The kitty liter method is bashed by some and we each have our own $.02 and it really boils down to what makes Us as smokers happy.

BUT........

Kitty liter is made for piss and poo....right???

Well I am still a noob but they say the stronger the "poo" smell the better the cigar...

coincidence???? 

All I know is I had to try it and so far so good.

JH


----------



## chu2 (Jun 8, 2009)

I've used litter for a while...no problem. Mist, wait a day, if <65% mist again. Rinse and repeat.

*Quick question, though*-the only kind I can find around my place now has blue crystals and white crystals. I don't think the blue ones are any different, but can someone back me up on that? It looks like the stuff is still unscented and still "100% silica."


----------



## Hall25 (Dec 16, 2010)

chu2 said:


> I've used litter for a while...no problem. Mist, wait a day, if <65% mist again. Rinse and repeat.
> 
> *Quick question, though*-the only kind I can find around my place now has blue crystals and white crystals. I don't think the blue ones are any different, but can someone back me up on that? It looks like the stuff is still unscented and still "100% silica."

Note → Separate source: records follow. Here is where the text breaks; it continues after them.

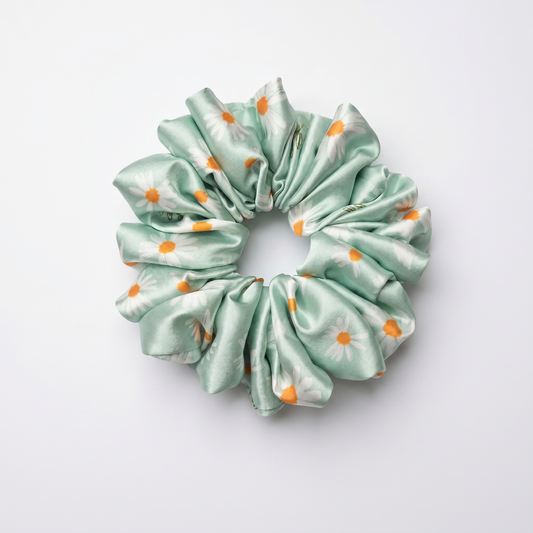 Green Daisy | Premium Satin Scrunchies | M size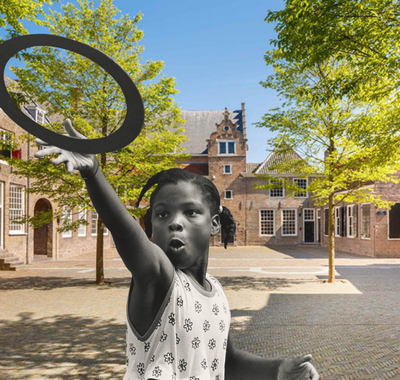 Meisje werpt ring - op het Hof - 2026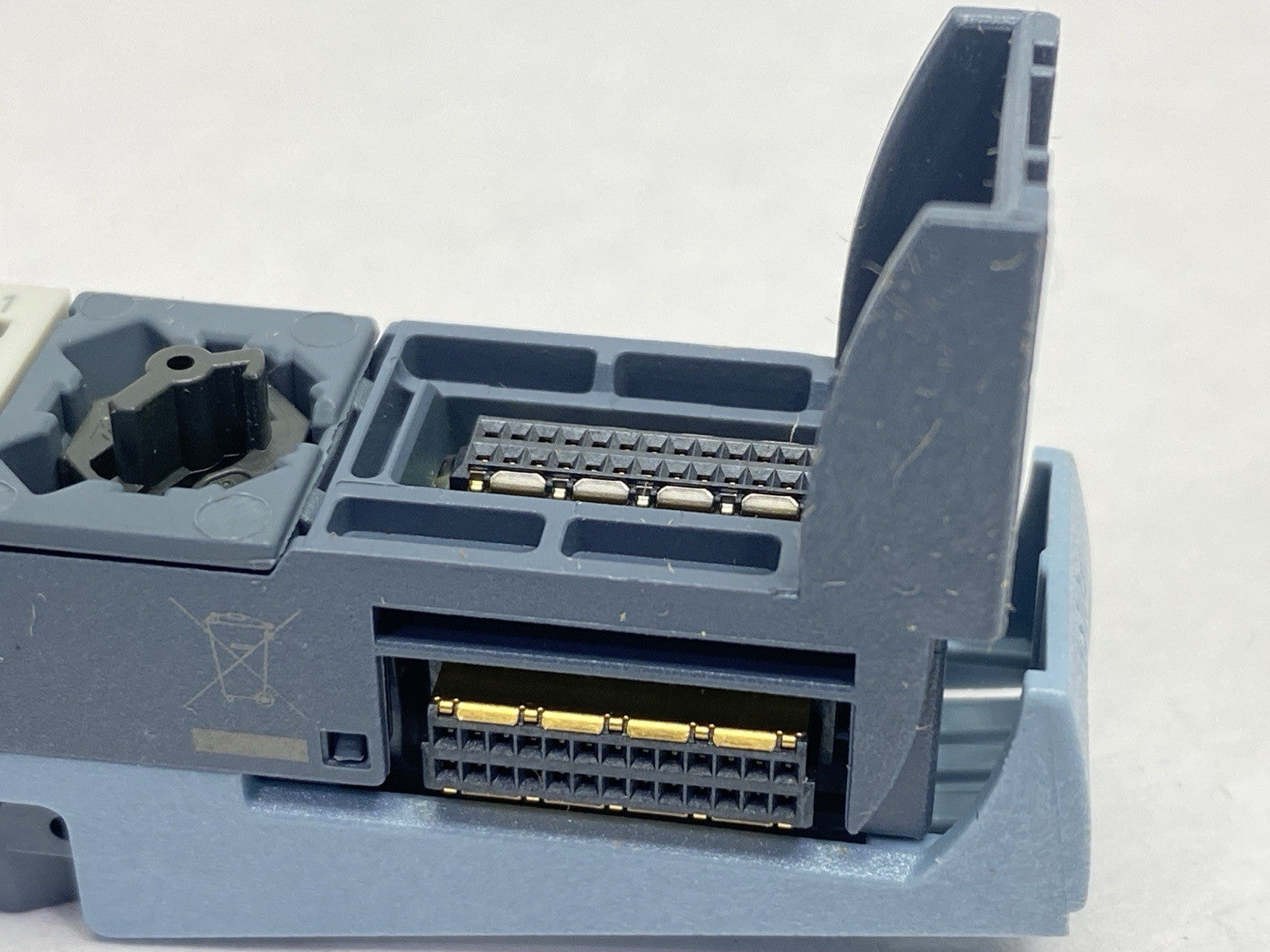 Siemens 6ES7193-6BP20-0DA0 SIMATIC ET 200SP Base Unit BU15-P16+A10+2D - Maverick Industrial Sales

The stuff I used has the blue in it...Don't think it hurts it from what I have read.


----------



## 1029henry (Jan 18, 2010)

I have been using KL for the past couple of months. My beads weren't holding at 65% any more. With KL, I have 65%-68% in my 3 Tupperdors, and 68% in my large Igloodor. They've been at that RH this whole time. As far as someone not using the KL because they want to use the best of the best, I figure I store my sticks in Tupperware for cryin' out loud, so who cares what humidification media I use? It's not like I have a $5,000 Davidoff humidor.....


----------



## TonyBrooklyn (Jan 28, 2010)

bigslowrock said:


> Tony - I just don't believe that you can get kitty litter to work. You better send me some of your cigars as proof that they are properly hydrated.

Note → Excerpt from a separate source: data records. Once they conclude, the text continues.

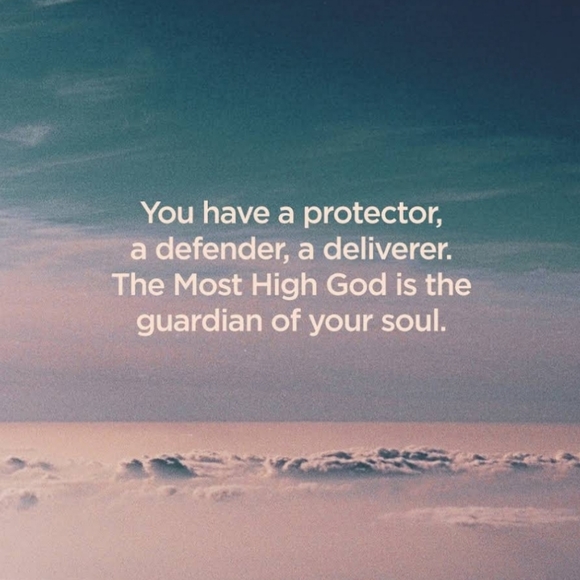 🎀 Meet your Posher, Lacy & Smurf  POSHMARK AMBASSADOR ⭐️ - Picture 12 of 12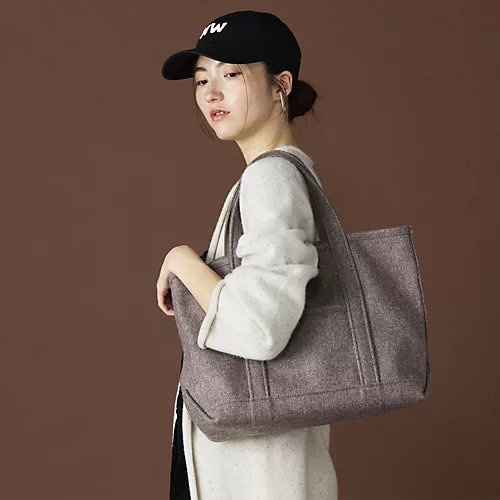【オーシバル/ORCIVAL】のHEAVY MELTON TOTE BAG MEDIUM 人気、トレンドファッション・服の通販 founy(ファニー) 　ファッション　Fashion　レディースファッション　Ladies' Fashion Online　バッグ　Bag　シンプル　Simple　メルトン　Melton　定番　Standard　A/W・秋冬　Aw・Autumn/Winter・Fw・Fall-Winter　other-2|ID: prp329100004593159 ipo3291000000032612671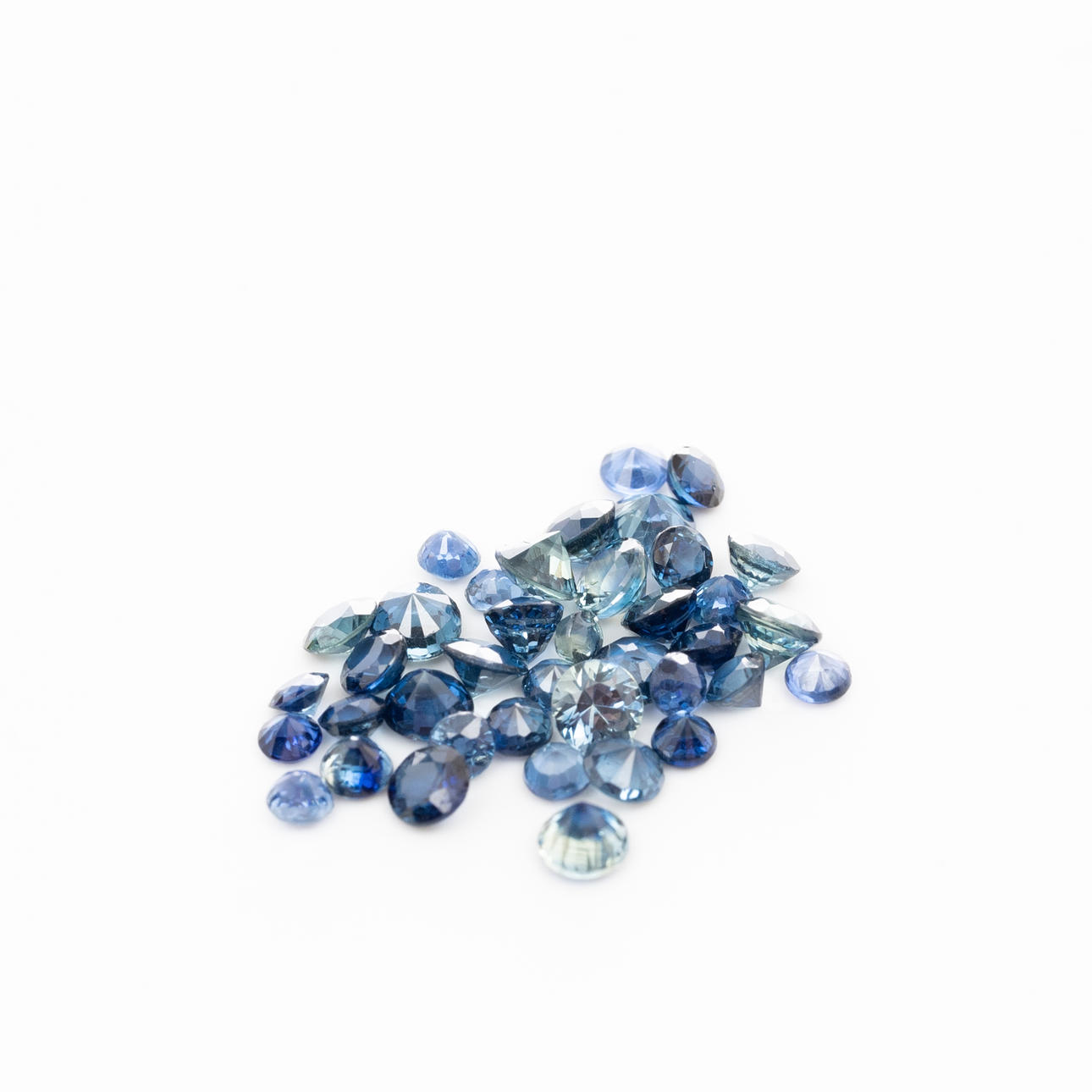 SAPPHIRES, 4,15 ct.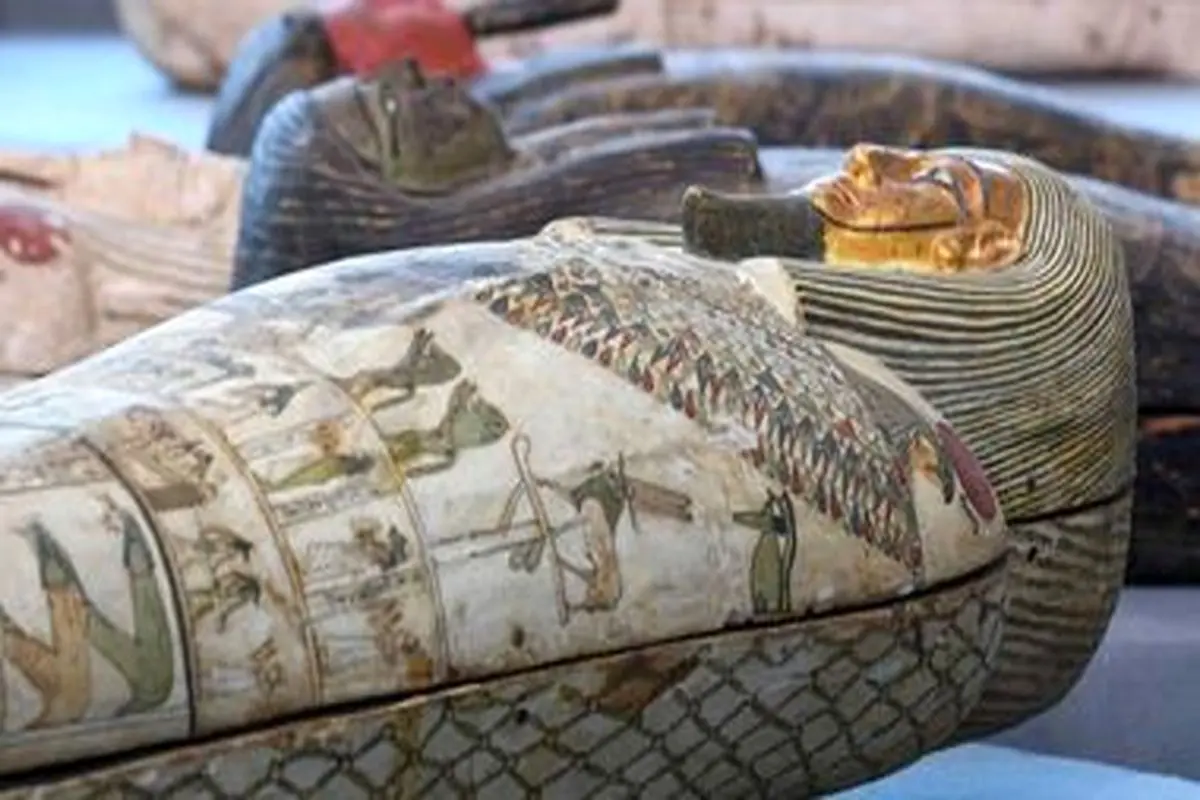 لحظه رونمایی و بازکردن تابوت‌های باستانی کشف شده در مصر + فیلم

:laugh::laugh::laugh::laugh::laugh:
eace:eace:eace:


----------



## TonyBrooklyn (Jan 28, 2010)

chu2 said:


> I've used litter for a while...no problem. Mist, wait a day, if <65% mist again. Rinse and repeat.
> 
> *Quick question, though*-the only kind I can find around my place now has blue crystals and white crystals. I don't think the blue ones are any different, but can someone back me up on that? It looks like the stuff is still unscented and still "100% silica."





Hall25 said:


> The stuff I used has the blue in it...Don't think it hurts it from what I have read.

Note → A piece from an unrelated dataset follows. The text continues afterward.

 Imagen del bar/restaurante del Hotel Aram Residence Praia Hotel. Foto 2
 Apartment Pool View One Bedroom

You know when i started using it years ago at first i was anal and used to pick the blue ones out. Then after seeing the guy who turned me on to them left em in. I decided to take a walk on the wild side. I see no difference by leaving them in and really love the color blue!


----------



## Tman (Sep 12, 2010)

Yeah. I actually took time to compare, and the white and blue crystals works the same.


----------



## mrmikey32 (Dec 7, 2010)

can you guys show me what kind of containers you are using? 

and where you go them?


----------



## TonyBrooklyn (Jan 28, 2010)

mrmikey32 said:


> can you guys show me what kind of containers you are using?
> 
> and where you go them?


I use flat rectangular Tupperware containers. Few inches deep expose the most surface area works like a charm!eace:


----------



## rudeJARHEAD (Jul 12, 2009)

mrmikey32 said:


> can you guys show me what kind of containers you are using?
> 
> and where you go them?


I bought 4 large mesh bags at petsmart in the aquarium section, they hold around a lb to a lb 1/2 of litter and are a buck a piece.


----------



## ptpablo (Aug 22, 2010)

LONG LIVE KITTY LITTER!!!!!!!:dude::dude::dude::dude::dude:


----------



## Tman (Sep 12, 2010)

mrmikey32 said:


> can you guys show me what kind of containers you are using?
> 
> and where you go them?


I just recently modified the humidifiers that came with my humidor. It's actually very well built for KL. Anything that exposes large surface area will work. Here are some examples:

Opened the humidifier that came with humidors. Removed the green crusty material and put KL in.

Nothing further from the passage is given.